DJ: Ultimately, the inflationary elephant in the room is the US, as whatever happens in Europe, the UK, or elsewhere, the overwhelming factor in determining the potential of the ‘peak inflation’ trade is the views of the Federal Reserve around the trajectory of US inflation. In my mind, while the Europe and the UK could be described as ‘cost-push’ inflation – driven primarily by the rise of input costs – the US is ‘demand-pull’. With a robust economy, generous fiscal expenditure, a strong consumer, and the aftermath of a post-COVID bounce in consumption, it is clear that America’s inflation is more driven by higher consumption than it is in Europe.

This is not to say that it hasn’t felt the heat from rising energy prices, with the US’s car-heavy society meaning that their consumers felt the pinch at the gas pumps. Biden’s Inflation Reduction Act is designed to reduce US inflation in the long term by reducing the economic exposure to volatile fossil fuel prices, while also reducing the deficit.

US gas prices are dropping and are approaching $3 a gallon, a psychological break point, well below the $5 peak they hit during the energy price crunch. The New York Federal Reserve (which is not the rate-setting body), has reported a fall in consumer inflation expectations, with the median one-, three-, and five-year-ahead expectations decreasing to 5.2 percent, 3.0 percent, and 2.3 percent, respectively; compared to the 7.1% annualised figure printed in November. Which itself was down from October’s 7.7% level.

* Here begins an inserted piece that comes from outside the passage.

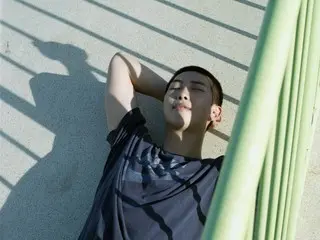 近況報告だけで世界のチャートが揺れ動く…RM（BTS）のソロ曲がサプライズ1位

JC: North American Income Trust (NAIT) has been the North American sector’s success story this year. Its manager is relatively upbeat as he looks to the trust’s healthy income account. In the absence of a return to a more risk on mindset, income may be an important part of investors’ returns next year. Notwithstanding an easing of headline inflation figures, Jerome Powell’s comments after the latest 0.5% hike in US rates put paid to any notion that the inflation monster has been slain. He said “it’s good to see progress, but let’s just understand we have a long way to go to get back to price stability”.